Ne zaman takıma döner belli değil. Dün gece de iki yıldız kaydı daha sarı-lacivertlilerden peşpeşe sakatlıklarla. Önce, "Fener'in yaptığı en büyük transfer" denilen ve herkesin sevgilisi olan Fransız Valbuena'ya nazar değdi, bu kez Aykut Kocaman'ın onu çıkarmasına gerek kalmadı, daha 9.dakikada sakatlanarak sahayı terketti. Yetmedi, sağ kanatta parlamaya başlayan Isla da, 35.dakikada kenara işaret göndererek, "Ben bittim" dedi. Üstüne üstlük Alper ile Neto kart cezalısı duruma düştüler. Eh pes doğrusu...

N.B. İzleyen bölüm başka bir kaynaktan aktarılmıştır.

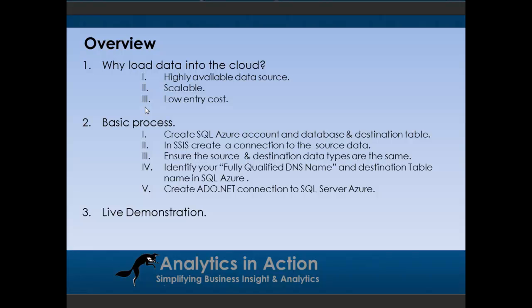Azure is also a nice scalable solution. You can start off with say one gig in size and then move up to pretty much unlimited size. It's also generally pretty low entry cost. I think Azure starts at about $10 a month or so, pretty cheap, and you can just scale up or scale down depending on the business's needs.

Bu uğursuzlukları gidermek için kurşun mu döktürürsünüz, kurban mı kestirirsiniz.
Şart oldu artık.
Sonları oynamasını bilmiyor
F,Bahçe dün gece de Osmanlıspor önünde son dakikalar sendromu yaşadı, yine avucundaki 3 puandan ikisini 89.dakikada Şener'in inanılmaz hatasıyla bıraktı ve ligde iddialı olabilecekken tüm ümitlerini Ankara'da bıraktı. Aykut Kocaman artık bu ikinci devrede oyundan kopuş ve defansa gömülüşün izahını yapmalı ve hesap vermeli. Koca takımın ikinci yarıda tek gol pozisyonu var Alper'le, o kadar, gerisi yok. Sürekli mahkum oynuyor ve sonunda kalesinde golü görüyor.
Numan'ın kafa şutunda topun direkten dışarı gitmesi onlar için son ihtardı ama anlamadılar.